Post date: Aug 22, 2013 6:45:9 PM
A German parliamentary committee slams security forces for their handling of a series of racist murders carried out by a neo-Nazi cell that went undetected for a decade, while the victim's families describe the treatment they received from the authorities as "racist".
BERLIN, GERMANY (AUGUST 22, 2013) (REUTERS) - German security forces shamefully neglected the threat of the far right and their bungled investigations and prejudice enabled a neo-Nazi cell blamed for nine racist murders to go undetected for more than a decade, a parliamentary committee has concluded.
The stinging report came on Thursday (August 22) after a 19-month inquiry into the National Socialist Underground (NSU), whose chance discovery in late 2011 scandalised Germany and forced authorities to recognise the far-right fringe was more brutal and organised than previously thought.Their investigation revealed a multitude of mistakes at all levels, by Germany's patchwork of state and national police, prosecutors and intelligence agencies - and a systematic failure to consider racist motives behind the shootings of eight Turks and a Greek between 2000 and 2007, later attributed to the NSU.

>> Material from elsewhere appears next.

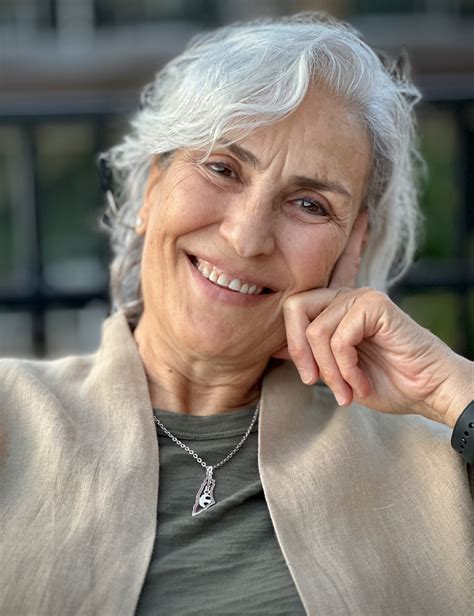 Dr. Manal Hamzeh | New Mexico State University | BE BOLD. Shape the Future.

Authorities assumed the killings must be due to feuds within the Turkish underworld and their one-sided investigations led to a series of dead-ends.
"Turks murder Turks, that seems to have been the mentality," said Sebastian Edathy, the Social Democrat (SPD) chairman of the committee.
"It will take longer for us to deal with changing mindsets than it will take to change laws... I don't think that we have institutional racism in our security forces but we certainly have individual racists in the authorities," he added.
The committee urged state bodies to work together better and said possible racist motives for a crime should always be considered. It recommended that security forces hire more people from ethnic minorities to reflect a multicultural society.
But lawmakers did not find evidence that anyone within the security forces deliberately protected the NSU and helped them avoid detection, though they did recommend new guidelines on the use of informants, after allegations that officers were often more interested in protecting informants than pursuing leads.
Beate Zschaepe, the only suspected member of the NSU who is still alive, went on trial in Munich in May. She is charged with complicity in the shooting of eight Turks, a Greek and a German policewoman, two bombings in immigrant areas of Cologne and 15 bank robberies.
Her two presumed male accomplices both committed suicide in 2011. Zschaepe faces life imprisonment.
The case shook a society that believed it had learned the lessons of the past, as well as undermining the trust of the migrant community in the German state's security apparatus.
Victims' families have spoken of their despair at finding themselves the object of suspicion in the midst of their grief. A lawyer representing them said at a separate news conference "no concept can be given to it other than racism," in reference to the authorities' treatment of the victims and perpetrators.
Mehmet Daimagueler emphasised that the victims' families would pursue the case further. "Today should not be the day where the great checking-off begins, rather it should be clear that we are only half the way there," he said. "We must continue in the new legislative period. It has to be clear: a half truth is not half of the truth".
At an earlier news conference with his German counterpart, Turkey's Foreign Minister Ahmet Davutoglu expressed his gratitude for Germany's investigation into the case.
"I thank the German government and I am pleased that the law is being exerted, that justice is being done," he said.
The existence of the NSU came to light in November 2011 when the two men believed to have founded the cell with Zschaepe, Uwe Mundlos and Uwe Boehnhardt, committed suicide after a botched bank robbery and set their caravan ablaze.
In the charred vehicle, police found the gun used in all 10 murders and a grotesque DVD claiming responsibility for them.
Zschaepe has kept silent since her arrest, leaving people struggling to make sense of her motives and to understand how an ordinary teenager could sink so deeply into the neo-Nazi scene.
The head of the domestic intelligence agency (BfV) resigned last year after it emerged that files on the use of informers were destroyed after the NSU's discovery. The BfV was singled out for failing to analyse the threat posed by the far right.